* [What you should do]:
Restate the listing exactly.

* [Supplied data]:
##############################

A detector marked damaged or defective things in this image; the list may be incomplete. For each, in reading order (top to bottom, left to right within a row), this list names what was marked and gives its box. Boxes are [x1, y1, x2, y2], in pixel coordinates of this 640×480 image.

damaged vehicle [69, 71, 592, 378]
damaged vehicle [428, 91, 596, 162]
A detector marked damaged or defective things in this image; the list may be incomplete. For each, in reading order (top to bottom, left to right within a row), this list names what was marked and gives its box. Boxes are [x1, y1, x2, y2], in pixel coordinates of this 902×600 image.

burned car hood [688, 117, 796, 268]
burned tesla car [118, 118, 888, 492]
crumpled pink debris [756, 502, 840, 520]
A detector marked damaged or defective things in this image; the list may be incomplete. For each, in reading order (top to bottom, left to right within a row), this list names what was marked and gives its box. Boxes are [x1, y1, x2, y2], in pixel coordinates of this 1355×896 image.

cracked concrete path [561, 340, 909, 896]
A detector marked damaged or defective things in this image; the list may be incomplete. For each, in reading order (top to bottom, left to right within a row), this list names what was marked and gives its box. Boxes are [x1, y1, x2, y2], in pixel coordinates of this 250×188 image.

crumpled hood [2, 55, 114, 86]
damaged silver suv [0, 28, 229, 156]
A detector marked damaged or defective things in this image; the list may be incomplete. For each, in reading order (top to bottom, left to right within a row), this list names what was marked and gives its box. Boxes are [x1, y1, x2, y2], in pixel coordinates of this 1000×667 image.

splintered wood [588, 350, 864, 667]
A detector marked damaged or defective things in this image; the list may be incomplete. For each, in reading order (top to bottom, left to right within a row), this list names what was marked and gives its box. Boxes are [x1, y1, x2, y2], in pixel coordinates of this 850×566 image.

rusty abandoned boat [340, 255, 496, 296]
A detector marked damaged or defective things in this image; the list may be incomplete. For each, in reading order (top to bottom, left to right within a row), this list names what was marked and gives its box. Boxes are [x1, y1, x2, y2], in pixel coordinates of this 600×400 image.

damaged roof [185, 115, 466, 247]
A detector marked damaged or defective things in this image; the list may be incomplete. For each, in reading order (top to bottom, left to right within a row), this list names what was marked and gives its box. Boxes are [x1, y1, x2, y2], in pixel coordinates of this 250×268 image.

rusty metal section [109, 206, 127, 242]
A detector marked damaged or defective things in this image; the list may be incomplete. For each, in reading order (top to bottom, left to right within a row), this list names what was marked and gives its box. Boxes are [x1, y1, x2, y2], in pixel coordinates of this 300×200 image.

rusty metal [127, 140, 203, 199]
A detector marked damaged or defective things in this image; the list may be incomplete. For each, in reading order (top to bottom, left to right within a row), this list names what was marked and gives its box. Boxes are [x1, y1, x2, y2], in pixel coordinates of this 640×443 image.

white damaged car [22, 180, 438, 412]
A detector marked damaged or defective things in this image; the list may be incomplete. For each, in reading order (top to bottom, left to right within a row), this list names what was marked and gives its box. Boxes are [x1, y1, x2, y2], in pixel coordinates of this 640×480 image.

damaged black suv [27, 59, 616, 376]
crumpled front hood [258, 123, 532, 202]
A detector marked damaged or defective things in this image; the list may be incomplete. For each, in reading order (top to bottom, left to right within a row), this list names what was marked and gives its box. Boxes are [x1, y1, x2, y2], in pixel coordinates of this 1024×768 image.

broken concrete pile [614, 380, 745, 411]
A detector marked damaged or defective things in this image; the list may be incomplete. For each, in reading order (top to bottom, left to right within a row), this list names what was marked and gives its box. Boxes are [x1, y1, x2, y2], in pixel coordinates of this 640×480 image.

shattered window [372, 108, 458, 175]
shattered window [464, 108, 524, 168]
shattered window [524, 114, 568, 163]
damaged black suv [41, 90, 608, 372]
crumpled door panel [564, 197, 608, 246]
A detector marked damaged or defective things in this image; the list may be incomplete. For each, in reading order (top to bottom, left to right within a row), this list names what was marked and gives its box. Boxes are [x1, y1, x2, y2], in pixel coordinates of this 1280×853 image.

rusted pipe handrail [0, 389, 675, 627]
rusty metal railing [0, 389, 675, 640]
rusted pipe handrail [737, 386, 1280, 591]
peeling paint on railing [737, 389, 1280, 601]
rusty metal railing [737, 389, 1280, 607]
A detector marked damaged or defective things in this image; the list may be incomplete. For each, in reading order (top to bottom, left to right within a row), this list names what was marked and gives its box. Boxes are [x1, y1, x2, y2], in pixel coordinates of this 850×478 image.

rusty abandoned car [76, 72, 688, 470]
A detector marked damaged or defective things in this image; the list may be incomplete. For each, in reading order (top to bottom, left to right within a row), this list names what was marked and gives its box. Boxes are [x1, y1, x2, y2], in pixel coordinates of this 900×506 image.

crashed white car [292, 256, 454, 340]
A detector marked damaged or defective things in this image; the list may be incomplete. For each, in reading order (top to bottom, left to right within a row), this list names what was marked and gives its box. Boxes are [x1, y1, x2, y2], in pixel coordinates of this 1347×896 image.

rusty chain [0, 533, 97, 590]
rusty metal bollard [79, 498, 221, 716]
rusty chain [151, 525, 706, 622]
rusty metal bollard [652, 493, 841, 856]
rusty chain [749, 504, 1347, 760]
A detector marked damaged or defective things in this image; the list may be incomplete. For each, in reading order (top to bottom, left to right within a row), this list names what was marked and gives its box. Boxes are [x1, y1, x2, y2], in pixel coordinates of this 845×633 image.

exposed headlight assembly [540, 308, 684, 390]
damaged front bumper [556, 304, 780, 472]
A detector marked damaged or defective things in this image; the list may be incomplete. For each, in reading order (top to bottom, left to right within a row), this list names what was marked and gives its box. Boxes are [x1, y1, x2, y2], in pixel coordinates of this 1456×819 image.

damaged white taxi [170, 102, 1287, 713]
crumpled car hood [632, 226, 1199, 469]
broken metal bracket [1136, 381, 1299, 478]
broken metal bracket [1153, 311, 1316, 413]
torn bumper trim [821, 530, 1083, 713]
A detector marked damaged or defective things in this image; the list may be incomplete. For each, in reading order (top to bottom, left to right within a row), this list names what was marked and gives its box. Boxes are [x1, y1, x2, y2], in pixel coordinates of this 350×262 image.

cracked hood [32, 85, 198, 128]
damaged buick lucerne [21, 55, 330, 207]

##############################

* [Result of this task]:
A detector marked damaged or defective things in this image; the list may be incomplete. For each, in reading order (top to bottom, left to right within a row), this list names what was marked and gives its box. Boxes are [x1, y1, x2, y2], in pixel coordinates of this 640×480 image.

damaged vehicle [69, 71, 592, 378]
damaged vehicle [428, 91, 596, 162]
A detector marked damaged or defective things in this image; the list may be incomplete. For each, in reading order (top to bottom, left to right within a row), this list names what was marked and gives its box. Boxes are [x1, y1, x2, y2], in pixel coordinates of this 902×600 image.

burned car hood [688, 117, 796, 268]
burned tesla car [118, 118, 888, 492]
crumpled pink debris [756, 502, 840, 520]
A detector marked damaged or defective things in this image; the list may be incomplete. For each, in reading order (top to bottom, left to right within a row), this list names what was marked and gives its box. Boxes are [x1, y1, x2, y2], in pixel coordinates of this 1355×896 image.

cracked concrete path [561, 340, 909, 896]
A detector marked damaged or defective things in this image; the list may be incomplete. For each, in reading order (top to bottom, left to right within a row), this list names what was marked and gives its box. Boxes are [x1, y1, x2, y2], in pixel coordinates of this 250×188 image.

crumpled hood [2, 55, 114, 86]
damaged silver suv [0, 28, 229, 156]
A detector marked damaged or defective things in this image; the list may be incomplete. For each, in reading order (top to bottom, left to right within a row), this list names what was marked and gives its box. Boxes are [x1, y1, x2, y2], in pixel coordinates of this 1000×667 image.

splintered wood [588, 350, 864, 667]
A detector marked damaged or defective things in this image; the list may be incomplete. For each, in reading order (top to bottom, left to right within a row), this list names what was marked and gives its box. Boxes are [x1, y1, x2, y2], in pixel coordinates of this 850×566 image.

rusty abandoned boat [340, 255, 496, 296]
A detector marked damaged or defective things in this image; the list may be incomplete. For each, in reading order (top to bottom, left to right within a row), this list names what was marked and gives its box. Boxes are [x1, y1, x2, y2], in pixel coordinates of this 600×400 image.

damaged roof [185, 115, 466, 247]
A detector marked damaged or defective things in this image; the list may be incomplete. For each, in reading order (top to bottom, left to right within a row), this list names what was marked and gives its box. Boxes are [x1, y1, x2, y2], in pixel coordinates of this 250×268 image.

rusty metal section [109, 206, 127, 242]
A detector marked damaged or defective things in this image; the list may be incomplete. For each, in reading order (top to bottom, left to right within a row), this list names what was marked and gives its box. Boxes are [x1, y1, x2, y2], in pixel coordinates of this 300×200 image.

rusty metal [127, 140, 203, 199]
A detector marked damaged or defective things in this image; the list may be incomplete. For each, in reading order (top to bottom, left to right within a row), this list names what was marked and gives its box. Boxes are [x1, y1, x2, y2], in pixel coordinates of this 640×443 image.

white damaged car [22, 180, 438, 412]
A detector marked damaged or defective things in this image; the list may be incomplete. For each, in reading order (top to bottom, left to right within a row), this list names what was marked and gives its box. Boxes are [x1, y1, x2, y2], in pixel coordinates of this 640×480 image.

damaged black suv [27, 59, 616, 376]
crumpled front hood [258, 123, 532, 202]
A detector marked damaged or defective things in this image; the list may be incomplete. For each, in reading order (top to bottom, left to right within a row), this list names what was marked and gives its box. Boxes are [x1, y1, x2, y2], in pixel coordinates of this 1024×768 image.

broken concrete pile [614, 380, 745, 411]
A detector marked damaged or defective things in this image; the list may be incomplete. For each, in reading order (top to bottom, left to right within a row), this list names what was marked and gives its box. Boxes are [x1, y1, x2, y2], in pixel coordinates of this 640×480 image.

shattered window [372, 108, 458, 175]
shattered window [464, 108, 524, 168]
shattered window [524, 114, 568, 163]
damaged black suv [41, 90, 608, 372]
crumpled door panel [564, 197, 608, 246]
A detector marked damaged or defective things in this image; the list may be incomplete. For each, in reading order (top to bottom, left to right within a row), this list names what was marked and gives its box. Boxes are [x1, y1, x2, y2], in pixel coordinates of this 1280×853 image.

rusted pipe handrail [0, 389, 675, 627]
rusty metal railing [0, 389, 675, 640]
rusted pipe handrail [737, 386, 1280, 591]
peeling paint on railing [737, 389, 1280, 601]
rusty metal railing [737, 389, 1280, 607]
A detector marked damaged or defective things in this image; the list may be incomplete. For each, in reading order (top to bottom, left to right within a row), this list names what was marked and gives its box. Boxes are [x1, y1, x2, y2], in pixel coordinates of this 850×478 image.

rusty abandoned car [76, 72, 688, 470]
A detector marked damaged or defective things in this image; the list may be incomplete. For each, in reading order (top to bottom, left to right within a row), this list names what was marked and gives its box. Boxes are [x1, y1, x2, y2], in pixel coordinates of this 900×506 image.

crashed white car [292, 256, 454, 340]
A detector marked damaged or defective things in this image; the list may be incomplete. For each, in reading order (top to bottom, left to right within a row), this list names what was marked and gives its box. Boxes are [x1, y1, x2, y2], in pixel coordinates of this 1347×896 image.

rusty chain [0, 533, 97, 590]
rusty metal bollard [79, 498, 221, 716]
rusty chain [151, 525, 706, 622]
rusty metal bollard [652, 493, 841, 856]
rusty chain [749, 504, 1347, 760]
A detector marked damaged or defective things in this image; the list may be incomplete. For each, in reading order (top to bottom, left to right within a row), this list names what was marked and gives its box. Boxes are [x1, y1, x2, y2], in pixel coordinates of this 845×633 image.

exposed headlight assembly [540, 308, 684, 390]
damaged front bumper [556, 304, 780, 472]
A detector marked damaged or defective things in this image; the list may be incomplete. For each, in reading order (top to bottom, left to right within a row), this list names what was marked and gives its box. Boxes are [x1, y1, x2, y2], in pixel coordinates of this 1456×819 image.

damaged white taxi [170, 102, 1287, 713]
crumpled car hood [632, 226, 1199, 469]
broken metal bracket [1136, 381, 1299, 478]
broken metal bracket [1153, 311, 1316, 413]
torn bumper trim [821, 530, 1083, 713]
A detector marked damaged or defective things in this image; the list may be incomplete. For each, in reading order (top to bottom, left to right within a row), this list names what was marked and gives its box. Boxes are [x1, y1, x2, y2], in pixel coordinates of this 350×262 image.

cracked hood [32, 85, 198, 128]
damaged buick lucerne [21, 55, 330, 207]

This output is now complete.